Possible. But there's still potential problems with that, tying in to the article's main issue of potential feedback loops/bias in ML algorithms. Let's assume pay is correlated to perf/job title, and members of group X are consistently rated 80% of what a member of group Y would earn for identical performance by unintentionally biased managers. Let's assume that they're all similarly 80% as likely to be promoted given identical performance. Anyone looking at the data would find that pay for X and Y members is fair given their perf scores/job titles, and that members of X tend to underperform compared to Y. They could suspect bias in perf from that, or they could conclude that members of X are fairly paid but statistically underperforming. An objective evaluation of a biased/unfair dataset doesn't necessarily guarantee a fair/objective outcome.
I think you're right and obviously making the machine make suboptimal decisions is definitely not a good solution.
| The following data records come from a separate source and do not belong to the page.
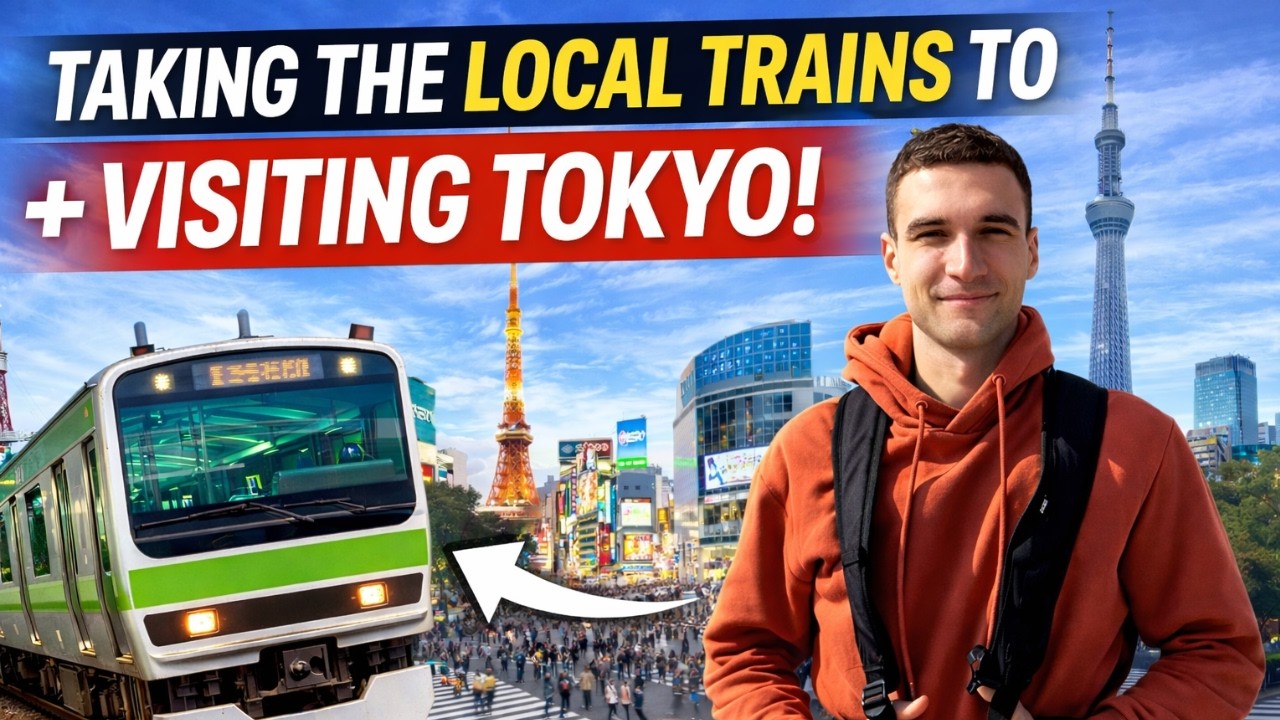 Taking ONLY Local Trains to Tokyo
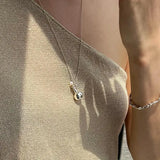 Flower Vase Pendant Necklace with Freshwater Pearl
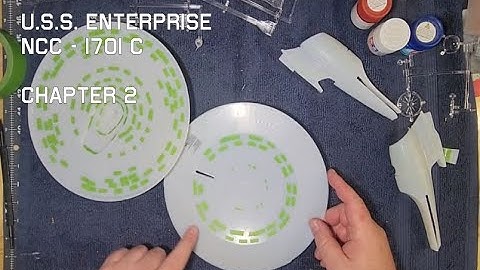 U.S.S. Enterprise NCC-1701-C 1400:1 Scale Full Build Series - Chapter 2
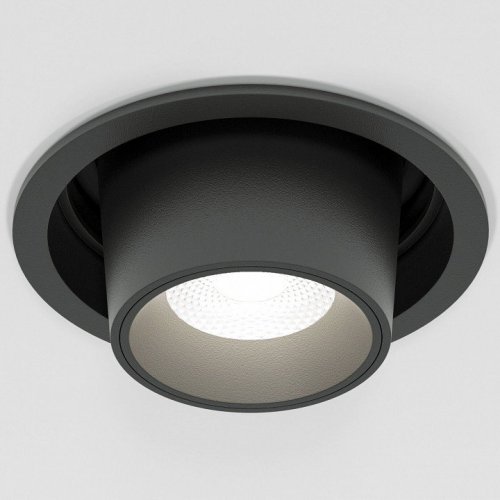 Встраиваемый светодиодный светильник Elektrostandard Conner 25086/LED 8W 4000K черный a063992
However I think a case can be made that certain protected attributes should be censored. Not to prevent the algorithm from making optimal decisions, but to prevent it from overfitting on those attributes. Which, if you think about it, is essentially what discrimination is.

If the algorithm is overfitting, it's costing its users money in the general case. Again, self righting. We don't need to hide the data we think it's overfitting on; any modern production ML system shouldn't have trouble with extraneous data. You don't see loan bots denying loans to people because they're named "Phil", for example, even though the bots have that information.

(Good) ML algorithms don't suffer from human biases; they don't know that there's a categorical difference between e.g. race and shoe size, so we don't need to hide race from these algorithms. That is, of course, unless one's explicit goal is to cripple and pessimize the algorithm for political reasons.